Data lineage is becoming more important for financial services organisations today. Increasingly, it is becoming hard-wired in regulations and in data quality frameworks like the European Central Bank’s (ECB) Targeted Review of Internal Models (TRIM) – and ultimately this is all related to the need for ‘explainability’. If a bank values a position at £25 million for example, it needs to explain why it is valued at that amount, how it came to that decision and what data points it used in arriving at that valuation. All this context and more needs to be tracked.
However, banks and other financial services organisations can also use data lineage and the related concept of ‘explainability’ in other contexts. When changes are made to existing processes, for example, data lineage can be used in diagnostics to improve data quality. It can also be key for data licensing. If the organisation is undertaking content licensing and therefore has to abide by the associated restrictions, it will need to know what data is a derivative of another piece of data.
Finally, data lineage can also be key in achieving better management of client records and ensuring greater care is taken about where client data is moved to and used moving forwards. After all, if a bank client, under GDPR, demands that their data be expunged from the records, the bank or other financial services organisation will need to know where all of that customer’s details have ended up in order to be able to achieve this.

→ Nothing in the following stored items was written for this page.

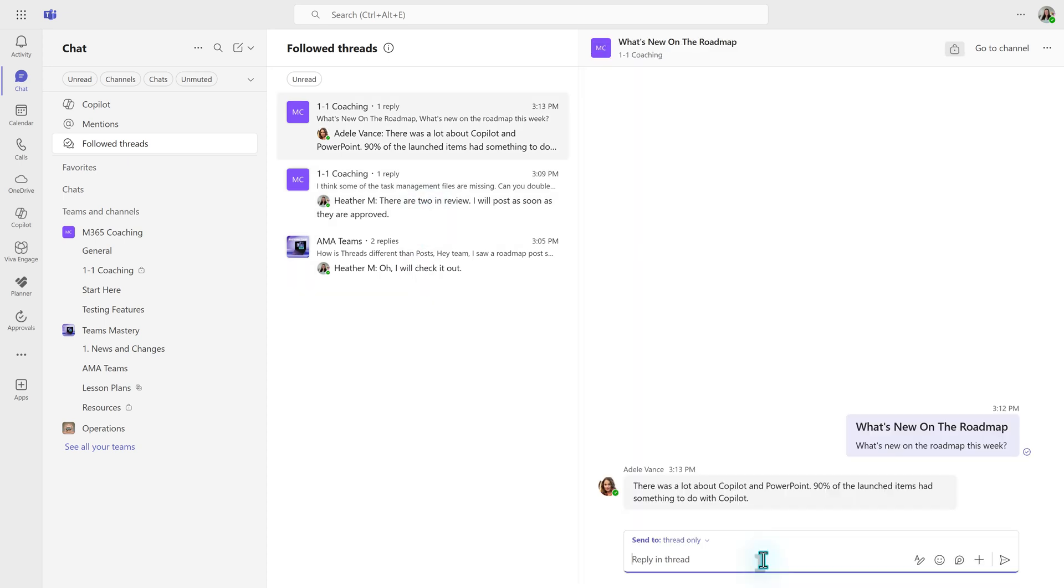So in this example, Adele is telling me that 90% of the roadmap items were about Copilot, specifically about PowerPoint. So I'm going to ask her whether or not I should update some training.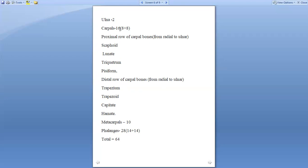Carpals are eight on each side, so totally 16 in number. It consists of two rows: one is proximal row and another is distal row. Proximal row consists of scaphoid, lunate, triquetrum, pisiform. Distal row consists of trapezium, trapezoid, capitate, and hamate.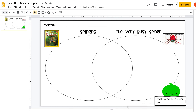Hi guys, so yesterday we read this book, Spiders, and it's by Nat Geo Kids. And then today we read this book, The Very Busy Spider. Now there were some things that were the same and things that were different in both of them, and that's what we're going to do with this diagram today.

To do all this efficiently and well, banks and other financial services firms will effectively need to implement two different kinds of data lineage: horizontal and vertical.

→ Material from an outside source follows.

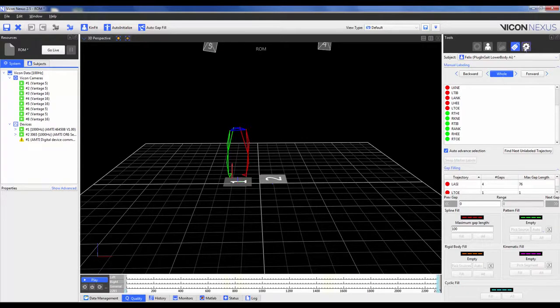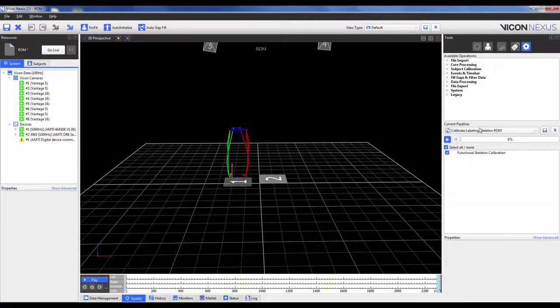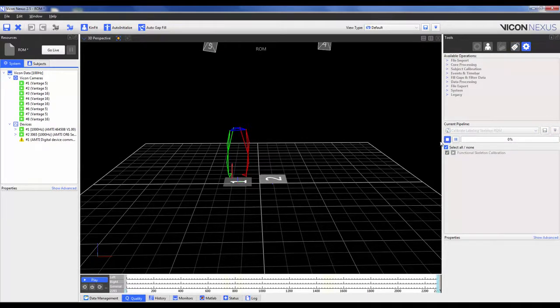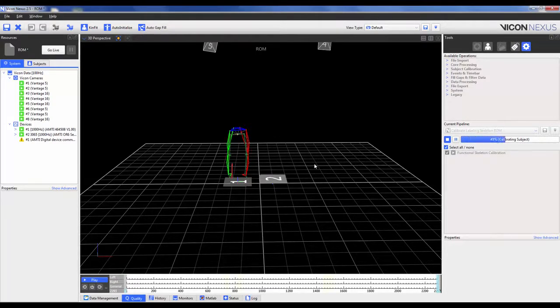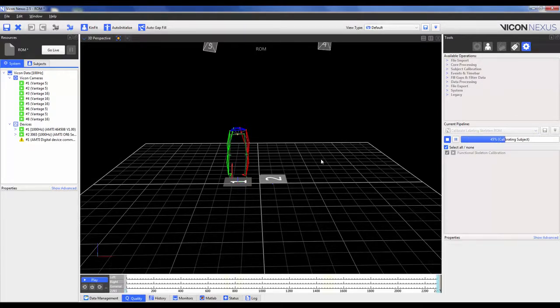As we don't have to do that, we can just go ahead and run the Calibrate Labeling Skeleton ROM Pipeline. As this pipeline can take a bit of time to calculate, we want to make sure that we develop a quick set of reasonable movements so that it has less frames to use as part of its calculation.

Horizontal data lineage traces the journey of a piece of data as it moves through the system from source to destination. It could be a piece of content originally picked up from a prospectus or a company’s articles of incorporation, or an exchange; that subsequently finds it way into a data product, is licensed by a financial institution; comes into an end database and is looked at and possibly augmented there before it flows through to a report or business application. In this way, horizontal data lineage effectively tracks that journey of a specific item of data – typically across systems and reports.
Vertical data lineage, in contrast, describes the transformations that happen to a piece of data on that journey. It could be an element feeding into a calculation: one of the sources of a bond curve calculation, for example. And the lineage in this case would be to ‘go back’ from the bond curve and see what individual bonds formed part of the input at a specific point in time.
In short, horizontal data lineage traces the data back to the original source, while vertical data lineage effectively reverse-engineers the transformations that happen along the way, whether they are simple processes like cross-referencing or tracking the different taxonomies that exist for financial instruments or industry classifications. For example, vertical data lineage might come in to track cross-referencing between industry classification schemes from the European Union and the US Federal Government but also proprietary industry classifications from data providers and index providers like Morgan Stanley Capital International (MSCI) and the Financial Times Stock Exchange (FTSE).
Often, in order to be able to compare like for like, the organisation might want to express an issuer or counterparty within the same taxonomy. So, for example, if one taxonomy labels a segment ‘IT’ and another called the same segment ‘computer systems’, it might want to ensure that the same label was used for both. That is an example of simple transformation or a cross-reference but there are other far more complicated ones that may involve multiple pieces of data feeding into a single calculation.
Meeting the Challenge
The specific challenge in terms of the organisation’s ability to reverse engineer is that it will need to keep track both of its input data sources and their value at the time the transformation took place; all the calculation parameters that fed into the calculation and their value at the time it was done; and the algorithm that was used. These are some of the capabilities and pre-conditions that need to be met in order to carry out this vertical data lineage in the first place.
Horizontal data lineage is much more focused on the ostensibly more straightforward process of keeping track of the data that the business has consumed, where it subsequently went and who
touched it on its journey. The end objective is to trace the journey of the data upstream while vertical data lineage involves the ability to reverse engineer the manipulations that have happened to the data in the past.
Financial services organisations need both types of data lineage to show the provenance of financial, regulatory and customer reporting. They are both equally important and effectively two sides of the data lineage coin. They can’t have one without the other.
Most businesses across the financial services sector do not fully understand the multi-faceted nature of data lineage as outlined above. There is little consensus within larger firms about what is meant by data lineage. Often, they know that their audit trail is broken within a specific application but they don’t typically have an overarching view or the ability to follow data around on its journey across the organisation or to efficiently document it. The TRIM programme of the ECB referred to above takes a much closer look at the journey of the data from source to internal model and has brought the issue to the forefront.
To address the data lineage challenge, firms have a need for bi-temporality so that they know the value of the data when a calculation happens. They need to be able to track metadata and keep cross-reference tables between different taxonomies and different classification schemes up to date but they also need a clear administrative process, detailing who can access data, where does it go, where did they get it from and what their sources were.
Moreover, they also need a sourcing hierarchy, so they have the process of looking at data sources clearly documented and accessible by everybody who needs it. There has to be a clear understanding of what the data sources are and where the business goes for specific kinds of data, what the typical definition of the data elements are and what the calculation parameters and other metadata are.
It’s a complex undertaking but those organisations that understand the requirement and can put the right combination of processes and technology in place to support it will be best placed both to meet the multi-faceted data lineage requirements of today’s financial services sector and gain a real edge over the competition.